◆ **What the task asks**
Starting with the first line of the data below, copy each line up to and including the one containing "Fusée Raydium sur". Pictures stay out.

◆ **Supplied material**
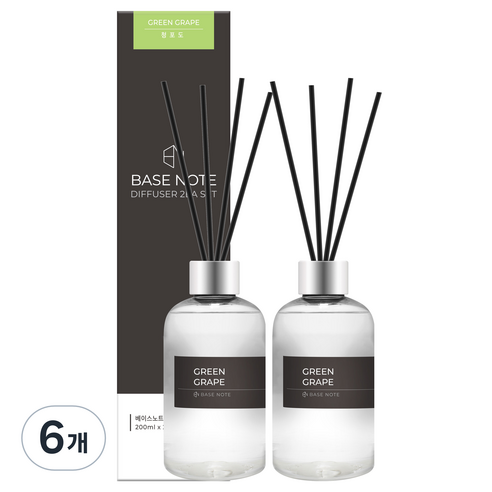 바이향 베이스노트 홈 디퓨저, 청포도, 200ml, 6개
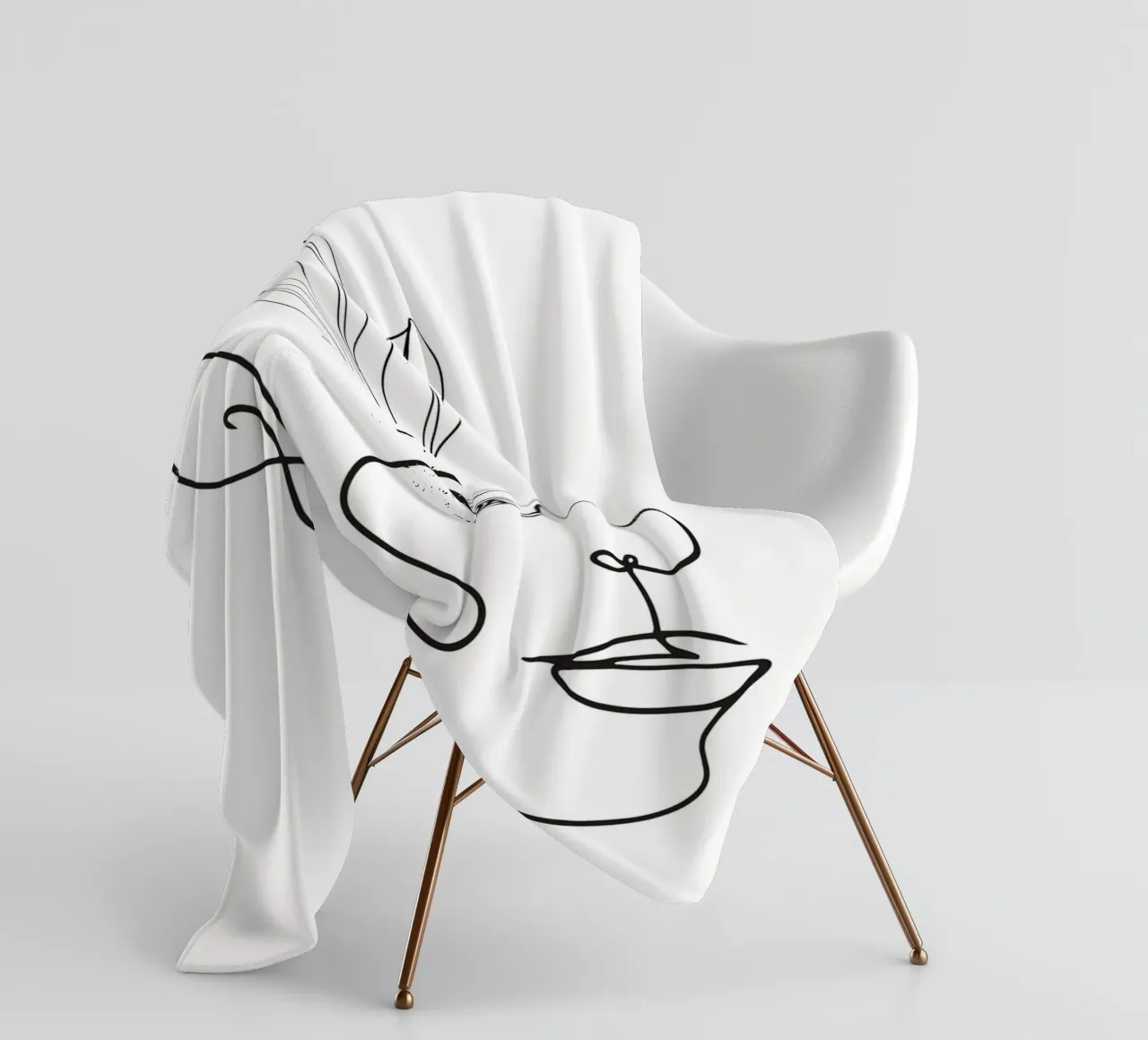 Volto astratto - Illustrazione lineare coperta in pile da Whole©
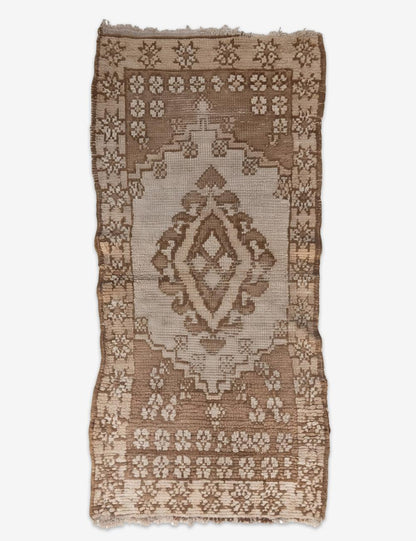 Vintage Earthy Medallion Azilal Rug 5.9 x 2.49 ft / 180 x 76 cm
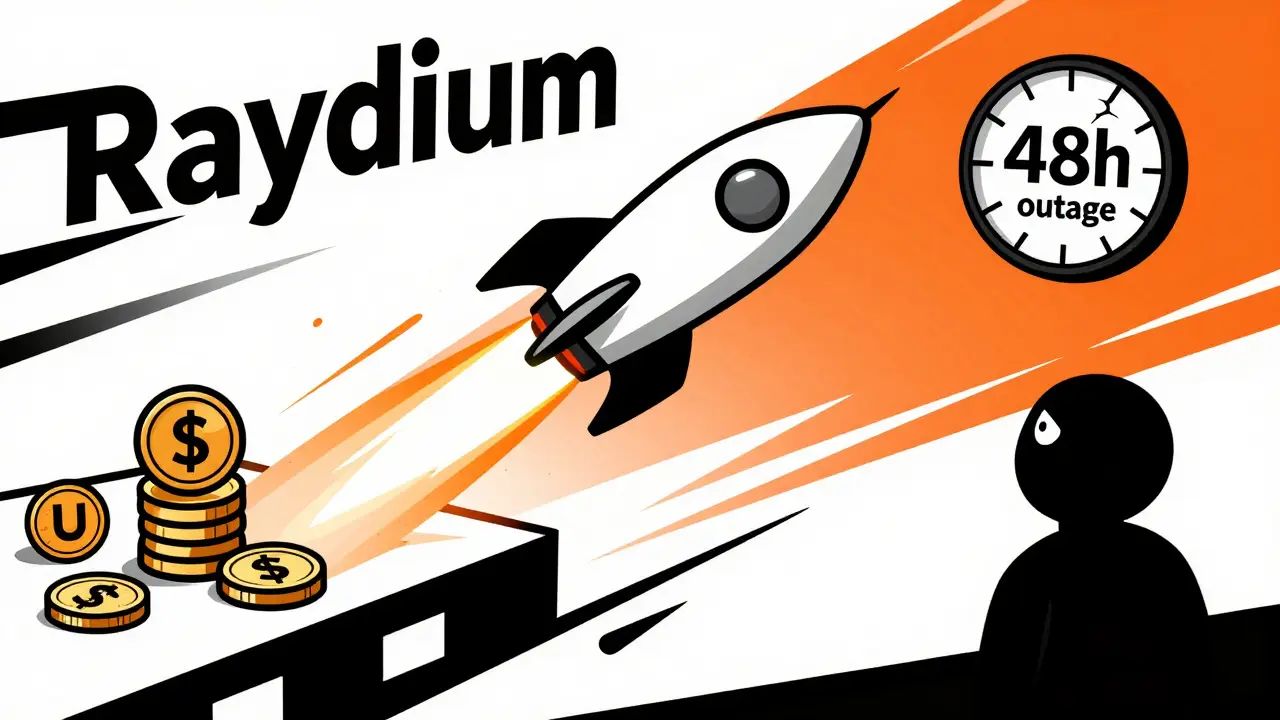 Fusée Raydium sur Solana avec des jetons en traînée, sous un horloge cassée en style Bauhaus.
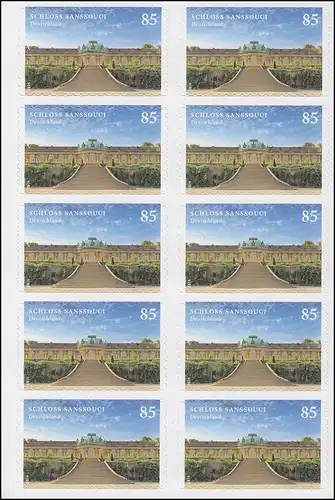 FB 56 Château Sanssouci, feuille de 10x3231, **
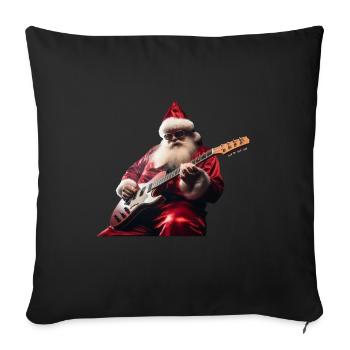 Le Père Noël joue de la guitare pour tout le monde - Housse de coussin décorative 45 x 45 cm - noir - Devant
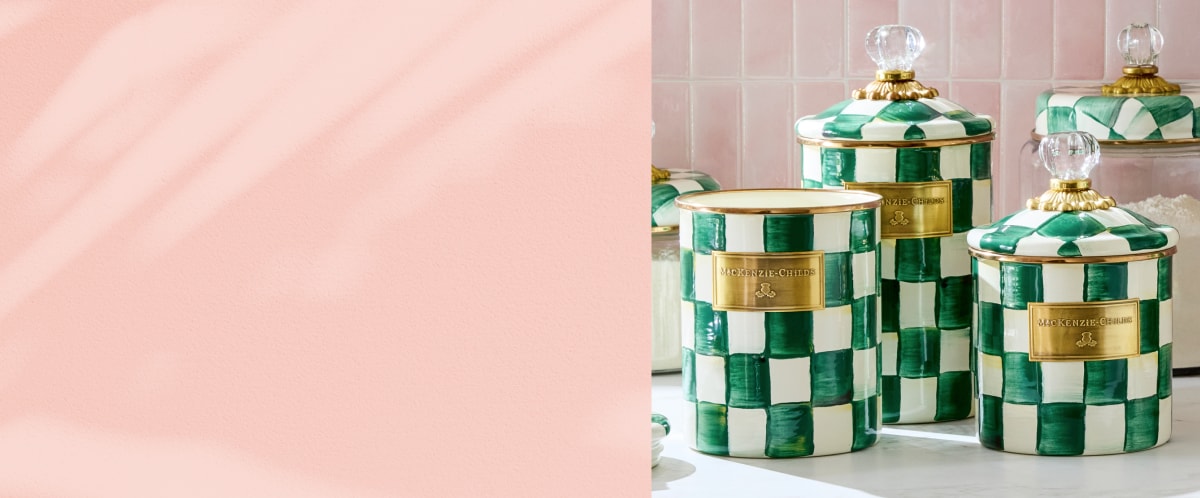 Figurine Père Noël Mackenzie-Childs Courtly Check Emerald Luxe - 25,75 Pouces (65 Cm), Neuf Sans Boîte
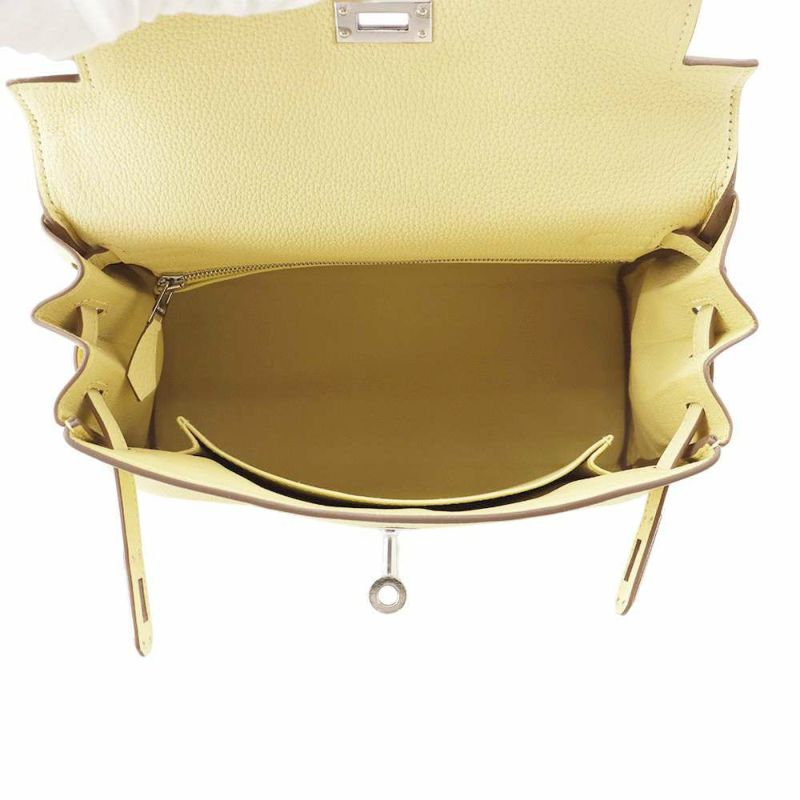 エルメス ハンドバッグ ケリー25 内縫い ジョーヌプッサン/シルバー金具 トゴ W刻印 2wayショルダー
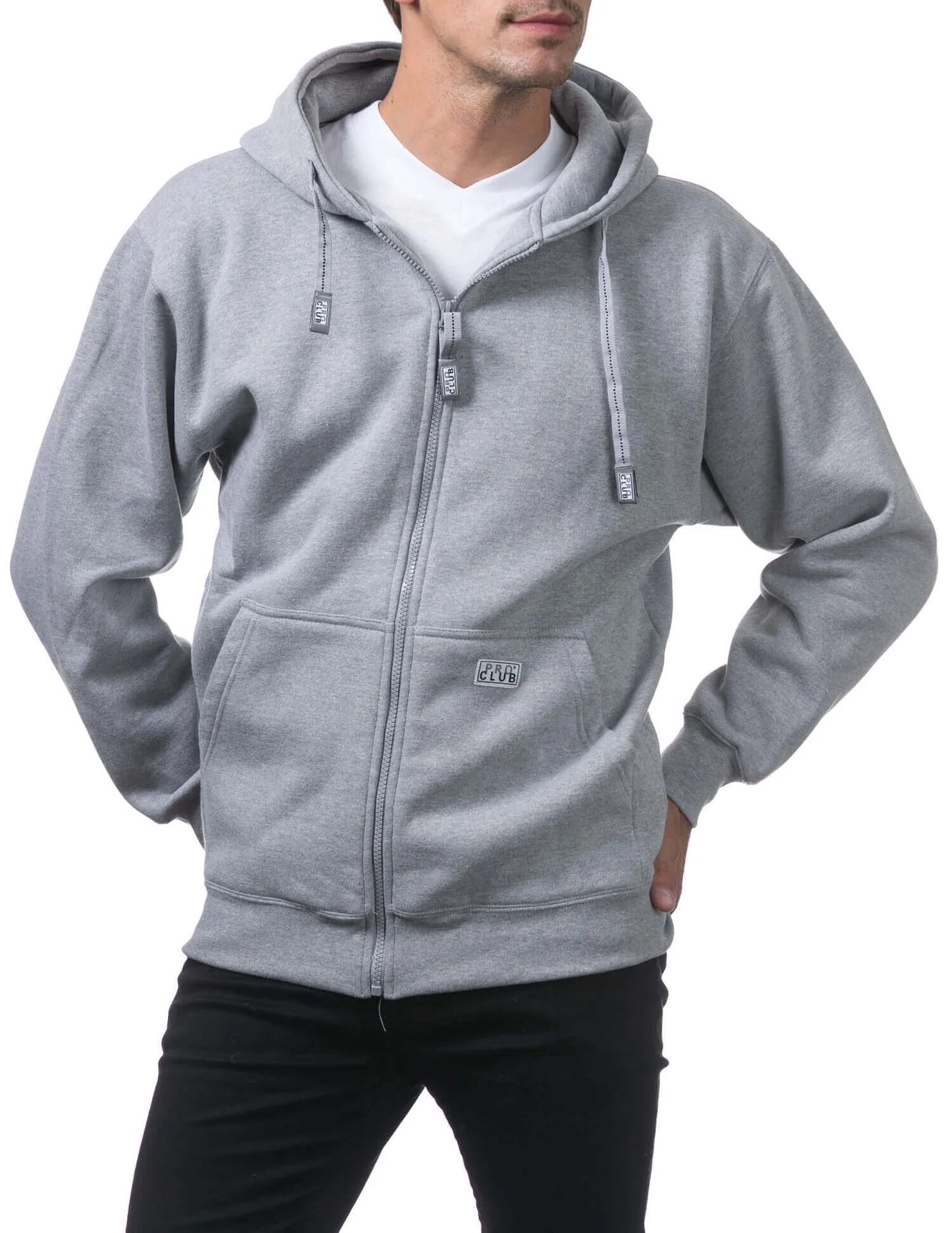 Pro Club Heavyweight Full Zip Fleece Hoodie - GRAY - Image 5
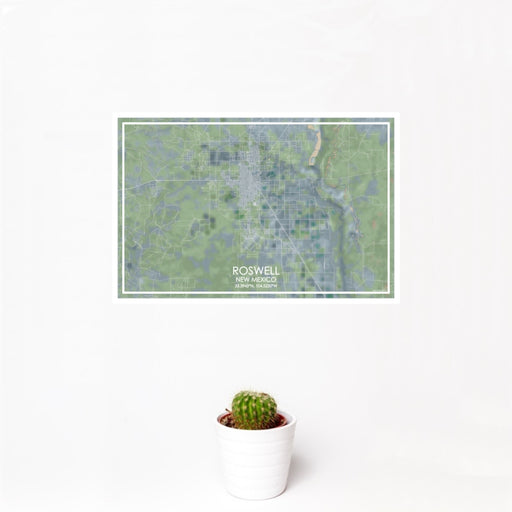 12x18 Roswell New Mexico Map Print Landscape Orientation in Afternoon Style With Small Cactus Plant in White Planter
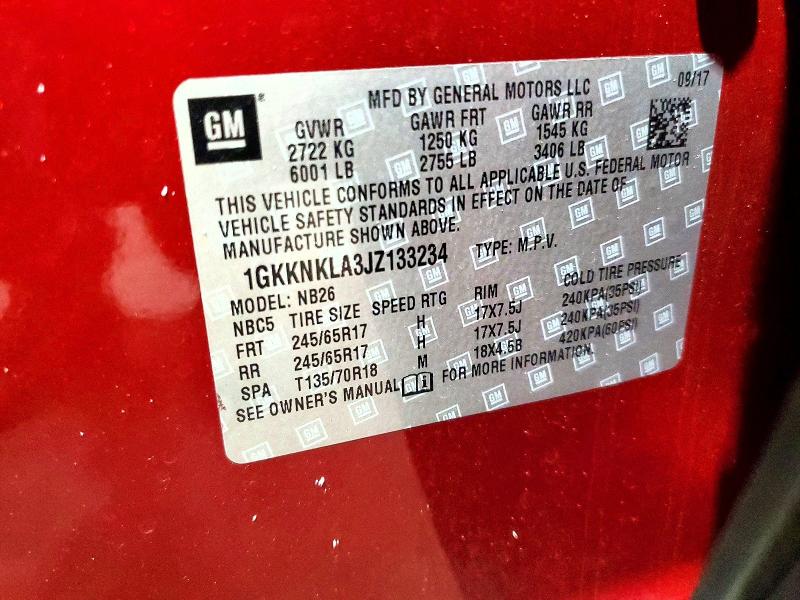 Aukcja sprzedaży 2018 Gmc Acadia, vin: 1GKKNKLA3JZ133234, numer aukcji: 67702856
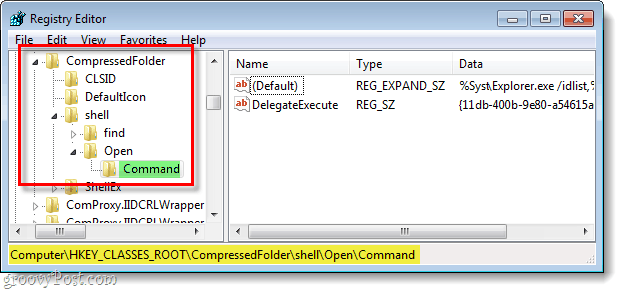 clé de registre d'extension de fichier de commande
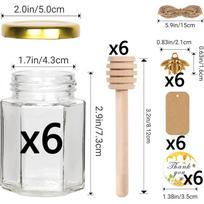 3 oz Mini Honey Jars with Dipper Glass Hexagon Honey Jar for Baby Shower, Empty Glass Jars for Wedding Favors and Party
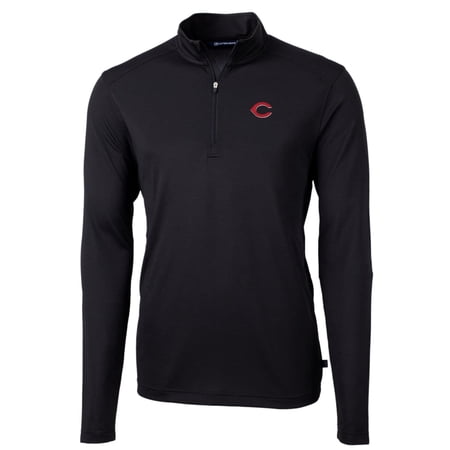 Men s Cutter & Buck Black Cincinnati Reds Big & Tall Virtue Eco Pique Quarter-Zip Pullover Jacket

◆ **Answer box**
 바이향 베이스노트 홈 디퓨저, 청포도, 200ml, 6개
 Volto astratto - Illustrazione lineare coperta in pile da Whole©
 Vintage Earthy Medallion Azilal Rug 5.9 x 2.49 ft / 180 x 76 cm
 Fusée Raydium sur Solana avec des jetons en traînée, sous un horloge cassée en style Bauhaus.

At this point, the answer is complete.